Wenn man durch die Straßen von Mainz schlendert, könnte man meinen, die Pfadfinderbewegung sei ein Relikt aus einer anderen Zeit. Doch weit gefehlt! Die Pfadfinder in Rheinland-Pfalz und Saarland sind äußerst aktiv und erfreuen sich wachsender Beliebtheit. Mit rund 1.700 Mitgliedern in 23 Ortsgruppen (Stämmen) ist die Bewegung im Aufschwung – 400 mehr als noch 2014. Und das, obwohl das Halstuch, das für viele ein Zeichen der Gemeinschaft ist, beim Stamm Tilia nicht einmal Pflicht ist! Wer hätte das gedacht?
Die Altersstufen sind klar definiert. Von den Wölflingen, die im Alter von 7 bis 11 Jahren mit Spielen, Basteln und kurzen Zeltlagern in das Pfadfinderleben eintauchen, über die Pfadfinder im Alter von 11 bis 15 Jahren, die sich mit dem Aufbauen von Zelten, dem Knotenbinden und Wanderungen beschäftigen, bis hin zu den Rangern und Rovern ab 16 Jahren, die sich in Gruppenleitung und Organisation engagieren.
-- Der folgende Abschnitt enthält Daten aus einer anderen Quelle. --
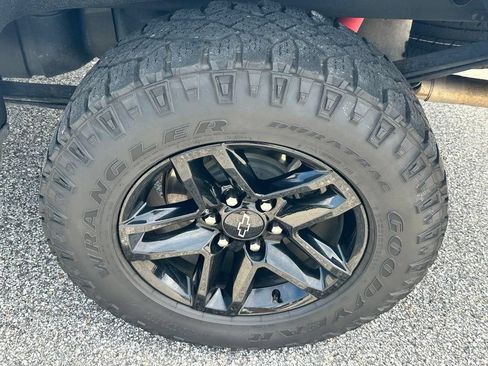 Used 2022 Chevrolet Silverado 1500 LT Trail Boss w/ LT Trail Boss Premium Package AWD/4WD image 24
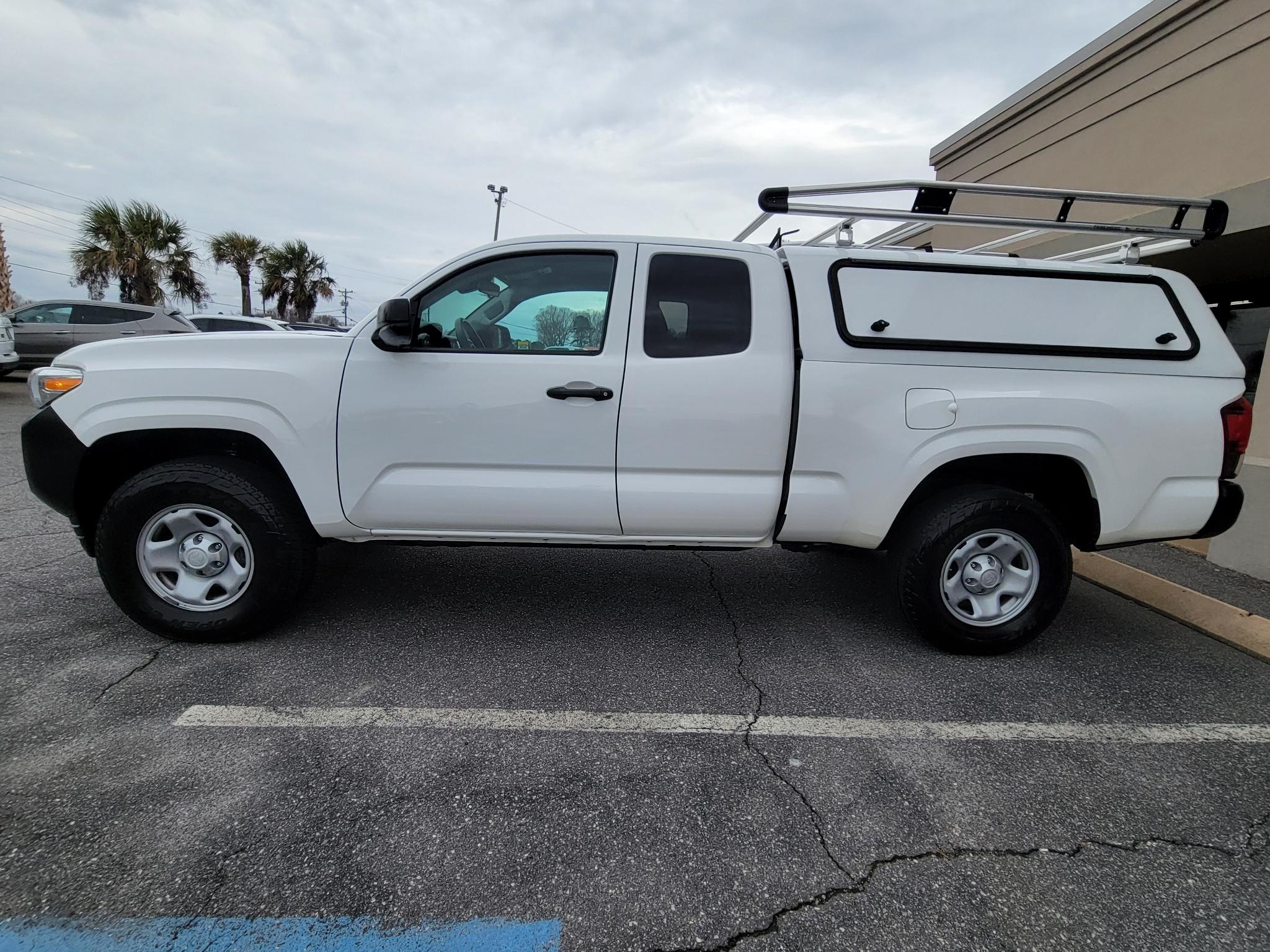 Toyota Tacoma 2WD SR5 Access Cab 6' Bed I4 AT (Natl) 2022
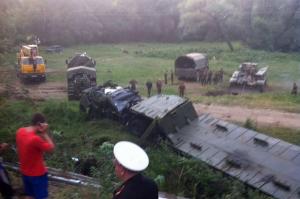 В Крыму водитель тягача не справился с управлением и уронил в кювет танк
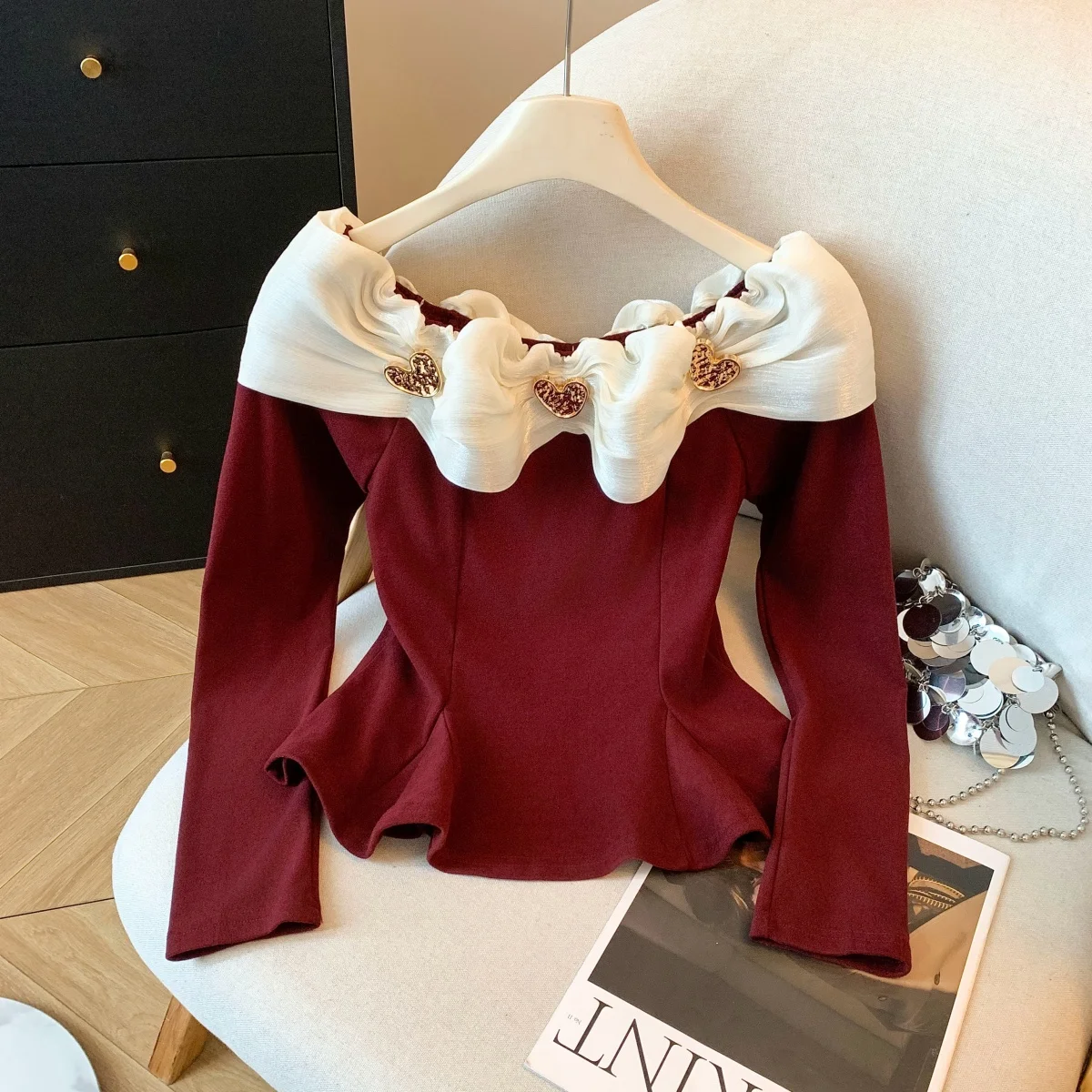 

Pure Desire Style Off-Shoulder Top Burgundy White Ruffle Sleeves Gold Heart-shaped Buckle Detail Sweet Tender Knitwear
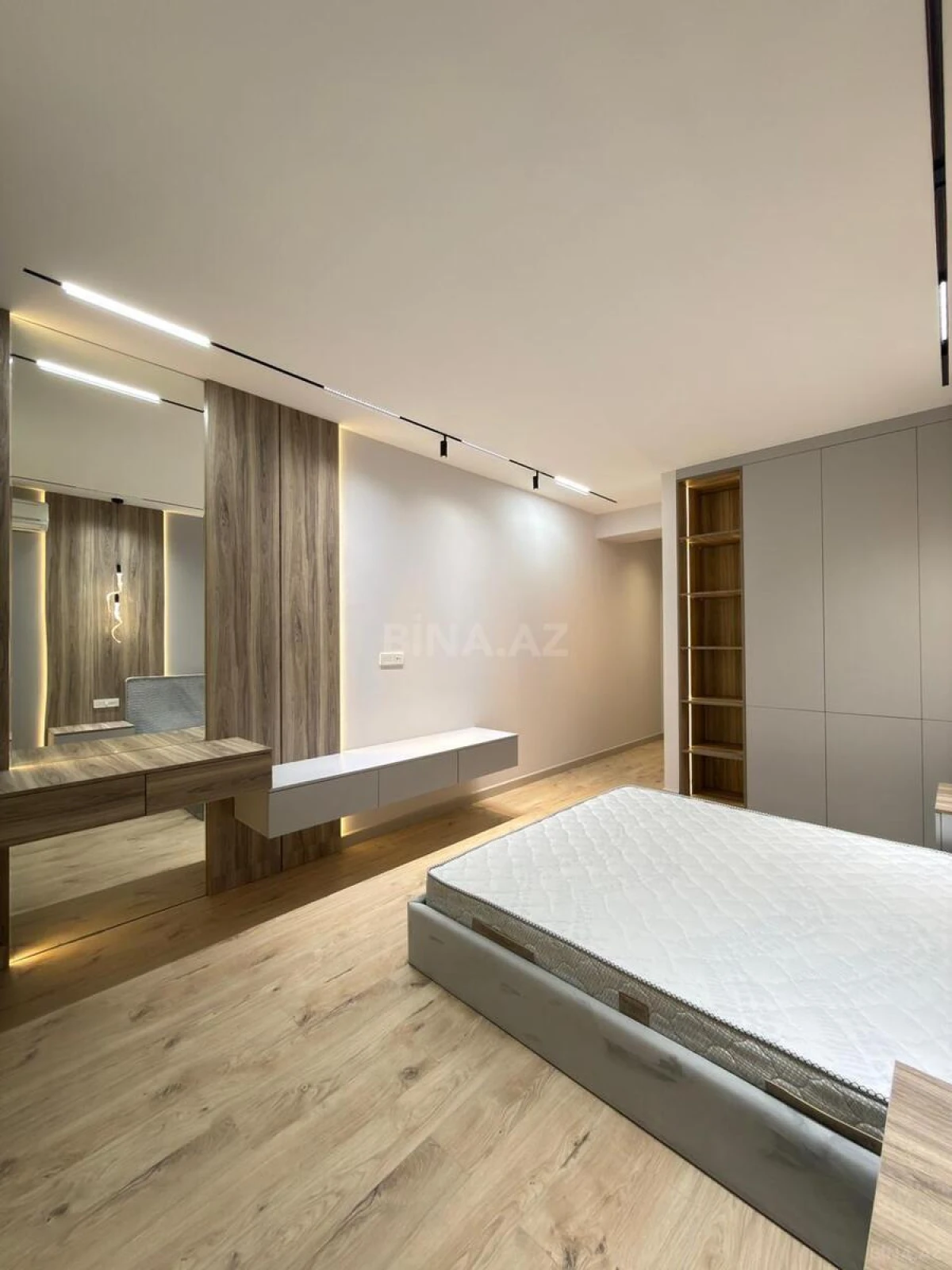 Satılır 4 otaqlı mənzil 145 m²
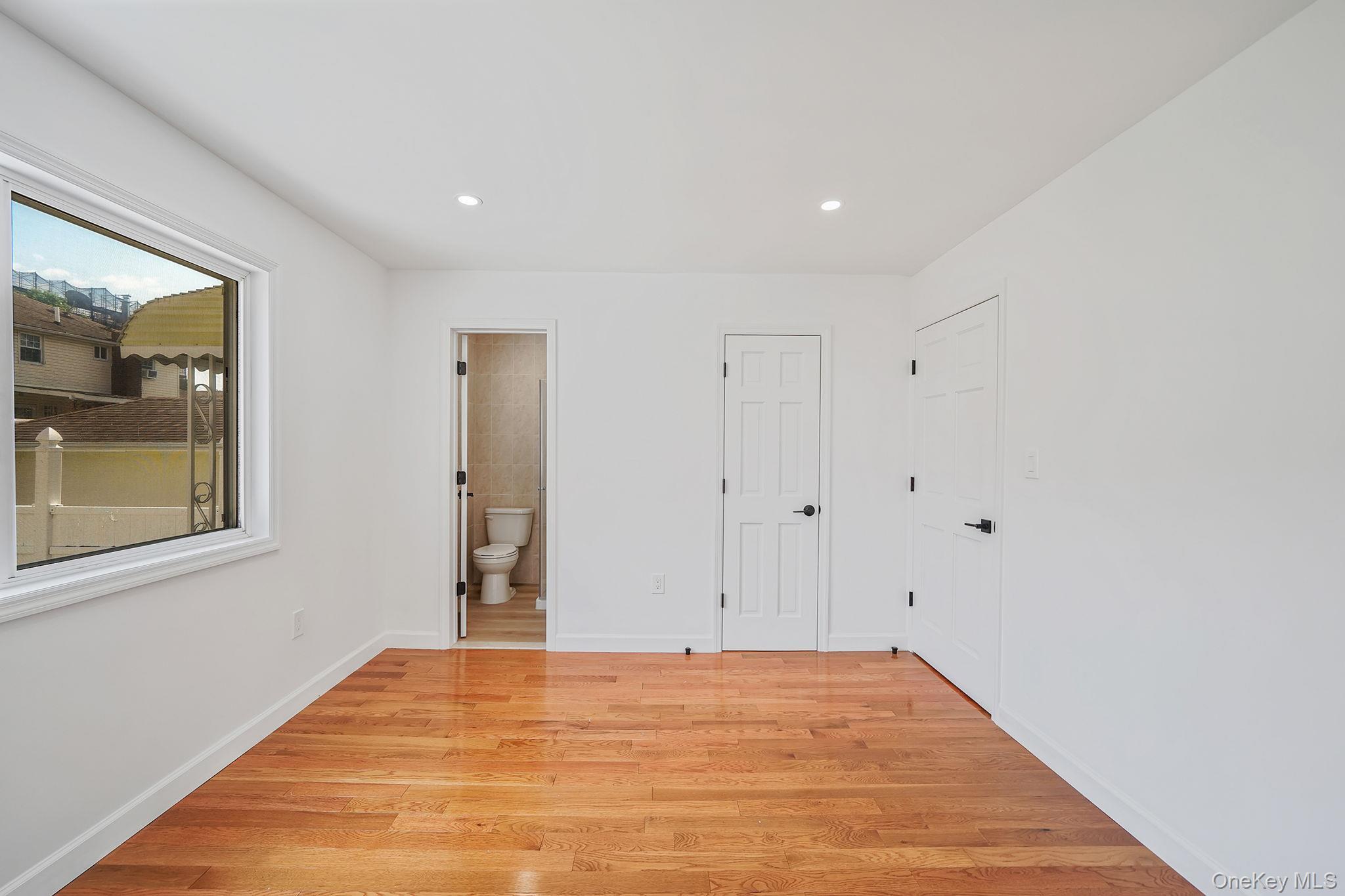 Single Family 250th Street Queens, NY 11422, MLS-1008913-20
Ein ganzes Spektrum an Aktivitäten – Lagerfeuer, Kochen, Singen mit der Gitarre – fördert nicht nur das Gemeinschaftsgefühl, sondern auch das persönliche Wachstum der Kinder und Jugendlichen.
Die Wurzeln der Pfadfinderbewegung
Gegründet wurde der Bund der Pfadfinder*innen (BdP) im Jahr 1976 und hat sich seitdem als interkonfessioneller Pfadfinderbund etabliert. Inzwischen zählt der BdP etwa 30.000 Mitglieder und ist auf die Inklusion von jungen Menschen mit Migrationshintergrund und Flüchtlingen bedacht. Diese Offenheit ist in der Satzung verankert und zeigt, wie wichtig ein respektvolles Miteinander ist. Der Sitz des BdP ist in Immenhausen, wo auch das „Zentrum Pfadfinden“ angesiedelt ist. Dort können Gruppen übernachten und die Natur hautnah erleben.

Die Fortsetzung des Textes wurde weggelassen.